Data records:
--
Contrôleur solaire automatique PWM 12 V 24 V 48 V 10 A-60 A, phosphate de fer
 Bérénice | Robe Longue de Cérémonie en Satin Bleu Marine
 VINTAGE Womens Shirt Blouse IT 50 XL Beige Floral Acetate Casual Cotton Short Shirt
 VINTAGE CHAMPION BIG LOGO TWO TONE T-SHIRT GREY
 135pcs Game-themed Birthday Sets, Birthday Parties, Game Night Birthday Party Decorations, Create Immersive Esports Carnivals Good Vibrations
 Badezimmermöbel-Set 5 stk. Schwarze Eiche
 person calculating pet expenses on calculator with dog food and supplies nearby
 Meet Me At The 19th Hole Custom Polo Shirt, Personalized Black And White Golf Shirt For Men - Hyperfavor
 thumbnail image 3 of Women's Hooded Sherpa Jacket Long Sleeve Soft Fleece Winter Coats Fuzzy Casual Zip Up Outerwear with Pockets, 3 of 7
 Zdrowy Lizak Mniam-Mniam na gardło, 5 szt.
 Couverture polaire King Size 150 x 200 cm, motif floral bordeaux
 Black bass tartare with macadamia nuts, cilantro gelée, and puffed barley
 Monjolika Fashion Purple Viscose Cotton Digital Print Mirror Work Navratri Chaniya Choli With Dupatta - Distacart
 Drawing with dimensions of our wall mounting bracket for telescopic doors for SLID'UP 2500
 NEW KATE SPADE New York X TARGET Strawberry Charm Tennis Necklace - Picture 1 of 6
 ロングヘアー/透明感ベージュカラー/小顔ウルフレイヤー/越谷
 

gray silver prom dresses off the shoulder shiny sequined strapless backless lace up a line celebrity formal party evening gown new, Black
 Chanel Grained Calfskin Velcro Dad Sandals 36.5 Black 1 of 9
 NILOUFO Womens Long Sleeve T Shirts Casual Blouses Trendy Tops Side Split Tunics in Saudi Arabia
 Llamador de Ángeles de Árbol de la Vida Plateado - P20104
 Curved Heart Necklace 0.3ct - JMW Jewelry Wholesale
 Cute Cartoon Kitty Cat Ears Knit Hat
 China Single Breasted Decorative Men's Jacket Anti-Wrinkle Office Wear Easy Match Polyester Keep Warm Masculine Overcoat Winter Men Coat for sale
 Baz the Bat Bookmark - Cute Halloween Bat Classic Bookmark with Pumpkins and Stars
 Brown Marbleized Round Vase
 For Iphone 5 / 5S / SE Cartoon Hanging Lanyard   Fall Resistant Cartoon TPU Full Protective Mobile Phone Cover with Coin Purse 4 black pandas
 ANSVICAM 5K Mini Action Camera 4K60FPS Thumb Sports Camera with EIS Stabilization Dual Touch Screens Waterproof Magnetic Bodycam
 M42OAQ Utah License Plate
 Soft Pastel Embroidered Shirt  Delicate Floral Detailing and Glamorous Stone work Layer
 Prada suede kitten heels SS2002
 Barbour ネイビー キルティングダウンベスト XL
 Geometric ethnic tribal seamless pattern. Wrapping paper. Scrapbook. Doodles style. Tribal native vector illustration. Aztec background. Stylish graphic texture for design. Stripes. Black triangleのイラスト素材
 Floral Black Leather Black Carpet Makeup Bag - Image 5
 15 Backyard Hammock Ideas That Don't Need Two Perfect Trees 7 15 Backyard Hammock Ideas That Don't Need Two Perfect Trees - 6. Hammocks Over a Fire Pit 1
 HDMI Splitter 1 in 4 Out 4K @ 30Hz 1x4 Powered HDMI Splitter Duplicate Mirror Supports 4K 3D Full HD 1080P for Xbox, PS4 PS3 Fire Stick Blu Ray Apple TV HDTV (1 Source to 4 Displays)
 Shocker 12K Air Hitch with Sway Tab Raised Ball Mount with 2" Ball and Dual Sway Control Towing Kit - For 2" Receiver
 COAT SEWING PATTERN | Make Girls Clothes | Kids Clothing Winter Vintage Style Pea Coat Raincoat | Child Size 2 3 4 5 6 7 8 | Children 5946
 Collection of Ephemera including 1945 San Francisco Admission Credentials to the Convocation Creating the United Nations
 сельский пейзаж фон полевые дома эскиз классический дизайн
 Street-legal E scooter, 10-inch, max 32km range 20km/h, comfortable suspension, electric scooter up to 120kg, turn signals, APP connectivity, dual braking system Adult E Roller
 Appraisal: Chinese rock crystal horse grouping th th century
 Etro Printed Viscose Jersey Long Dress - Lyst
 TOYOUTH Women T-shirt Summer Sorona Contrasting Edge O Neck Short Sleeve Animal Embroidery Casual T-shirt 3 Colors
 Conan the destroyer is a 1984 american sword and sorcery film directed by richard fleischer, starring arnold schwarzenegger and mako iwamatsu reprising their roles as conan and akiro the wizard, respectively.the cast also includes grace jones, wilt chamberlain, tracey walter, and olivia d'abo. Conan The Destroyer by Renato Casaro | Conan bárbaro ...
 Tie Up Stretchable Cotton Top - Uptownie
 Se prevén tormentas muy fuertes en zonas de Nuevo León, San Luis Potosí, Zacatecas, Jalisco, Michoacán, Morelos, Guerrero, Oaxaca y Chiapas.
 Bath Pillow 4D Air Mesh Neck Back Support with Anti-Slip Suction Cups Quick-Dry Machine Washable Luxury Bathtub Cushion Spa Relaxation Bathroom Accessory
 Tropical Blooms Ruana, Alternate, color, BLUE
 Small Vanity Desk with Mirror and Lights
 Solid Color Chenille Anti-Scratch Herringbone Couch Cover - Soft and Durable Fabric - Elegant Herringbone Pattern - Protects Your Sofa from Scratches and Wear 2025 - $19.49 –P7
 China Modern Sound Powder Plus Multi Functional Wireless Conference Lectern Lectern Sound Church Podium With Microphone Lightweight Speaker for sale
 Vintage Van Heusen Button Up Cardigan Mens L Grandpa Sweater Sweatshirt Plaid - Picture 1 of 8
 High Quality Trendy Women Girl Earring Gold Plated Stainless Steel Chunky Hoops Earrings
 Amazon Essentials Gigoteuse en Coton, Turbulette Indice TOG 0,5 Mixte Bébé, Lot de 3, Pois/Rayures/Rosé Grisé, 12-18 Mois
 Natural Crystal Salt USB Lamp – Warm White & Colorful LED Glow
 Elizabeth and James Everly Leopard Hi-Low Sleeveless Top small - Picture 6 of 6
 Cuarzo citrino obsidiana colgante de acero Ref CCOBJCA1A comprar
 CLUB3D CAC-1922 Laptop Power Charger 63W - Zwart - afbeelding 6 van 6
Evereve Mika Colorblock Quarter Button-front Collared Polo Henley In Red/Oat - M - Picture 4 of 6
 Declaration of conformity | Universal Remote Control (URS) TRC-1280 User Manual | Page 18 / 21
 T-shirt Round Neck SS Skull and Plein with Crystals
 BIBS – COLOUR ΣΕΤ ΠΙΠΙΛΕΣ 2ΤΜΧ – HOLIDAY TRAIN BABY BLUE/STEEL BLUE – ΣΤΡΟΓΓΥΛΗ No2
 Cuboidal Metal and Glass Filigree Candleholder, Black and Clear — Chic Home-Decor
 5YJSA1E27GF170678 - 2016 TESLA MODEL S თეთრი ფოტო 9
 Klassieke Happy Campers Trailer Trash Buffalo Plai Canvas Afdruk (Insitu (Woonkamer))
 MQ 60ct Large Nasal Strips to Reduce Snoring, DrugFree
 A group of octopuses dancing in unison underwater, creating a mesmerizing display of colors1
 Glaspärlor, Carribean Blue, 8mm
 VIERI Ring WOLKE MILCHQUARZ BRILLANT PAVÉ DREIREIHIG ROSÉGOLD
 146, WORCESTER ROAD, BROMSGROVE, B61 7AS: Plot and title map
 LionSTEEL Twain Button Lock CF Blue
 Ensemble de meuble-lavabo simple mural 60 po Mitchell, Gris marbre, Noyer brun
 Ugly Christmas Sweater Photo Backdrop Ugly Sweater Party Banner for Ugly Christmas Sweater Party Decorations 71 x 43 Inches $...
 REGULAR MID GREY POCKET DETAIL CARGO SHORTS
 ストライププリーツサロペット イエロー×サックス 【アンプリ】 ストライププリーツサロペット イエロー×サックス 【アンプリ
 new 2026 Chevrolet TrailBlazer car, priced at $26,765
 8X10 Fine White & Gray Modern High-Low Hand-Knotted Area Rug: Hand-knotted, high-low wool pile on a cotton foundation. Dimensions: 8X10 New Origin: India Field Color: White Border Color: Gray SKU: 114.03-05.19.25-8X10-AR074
--
Your instructions: Your task is to retype the entries verbatim, starting with the line that holds "Soft Pastel Embroidered" and stopping after the line that holds "Floral Black Leather".

Task response:
 Soft Pastel Embroidered Shirt  Delicate Floral Detailing and Glamorous Stone work Layer
 Prada suede kitten heels SS2002
 Barbour ネイビー キルティングダウンベスト XL
 Geometric ethnic tribal seamless pattern. Wrapping paper. Scrapbook. Doodles style. Tribal native vector illustration. Aztec background. Stylish graphic texture for design. Stripes. Black triangleのイラスト素材
 Floral Black Leather Black Carpet Makeup Bag - Image 5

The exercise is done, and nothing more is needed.